Program

African Humanities Program Dissertation Fellowships, 2016

Project

Recovering Matthean Text of the Holy Family in Africa: A Greek and Coptic Reconstruction in African Biblical Scholarship

Abstract

This research focuses on an unpublished discovered Sahidic Coptic bi-folio 4th century parchment of Matthew 2:11-16 which preserves the early account of Jesus and his parents coming to Africa. Dated c. AD 300-350 and discovered in Egypt, it is owned by a private collector in California with number P.Aslan.112. It has two leaves of the middle of the quire and contains 11 lines with approximately 10 letters per line. This thesis will embrace transcription, descriptive-analytical method laid down by Bentley Layton, collation, palaeography and historical method for analysis.
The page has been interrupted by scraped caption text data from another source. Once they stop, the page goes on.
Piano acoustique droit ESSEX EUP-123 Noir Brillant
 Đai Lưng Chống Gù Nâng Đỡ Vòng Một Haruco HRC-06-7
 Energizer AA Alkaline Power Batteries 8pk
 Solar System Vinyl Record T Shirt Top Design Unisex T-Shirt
New Testament textual scholarship will be enhanced through the analysis of this Coptic parchment supplemented by 70 and the result will be made available to the academic world as a means to contribute and restore the original text of Matthew 2:11-16 in the Sahidica and the Greek New Testament. It will be the first ground-breaking textual research in Sub-Saharan Africa.

Program

African Humanities Program Postdoctoral Fellowships, 2020

Project

From Emendation to Corruption: Textual Transmission and Papyrologico-tradition in Hellenistic Egypt

Department

Religion and Philosophy

Abstract

Recent discoveries have uncovered numerous variant readings to the text of the Greek New Testament as a result of scribal practices in Hellenistic Egypt. These textual variants have exposed the corruption of the text as part of the works undertaken by the early Egyptian scribes. These texts witnessed interpolations and reduction but such Alexandrian efforts have vanished in history as Africans are seldom involved in analyzing some of these newly discovered biblical manuscripts. This work argues that the Egyptian Christians were the earliest emendators who engaged in text-critical studies through the production, preservation, and the palaeographical, papyrological and codicological analyses of ancient biblical manuscripts and that the efforts of the Egyptian Christians were to emend the text but ended up corrupting the text. The work also intends to show how such understanding can help the revisit of these early Egyptian Christians' efforts and practices in our African universities in order to compete and cooperate with Western counterparts through participating in the modern emendation processes of the Greek New Testament.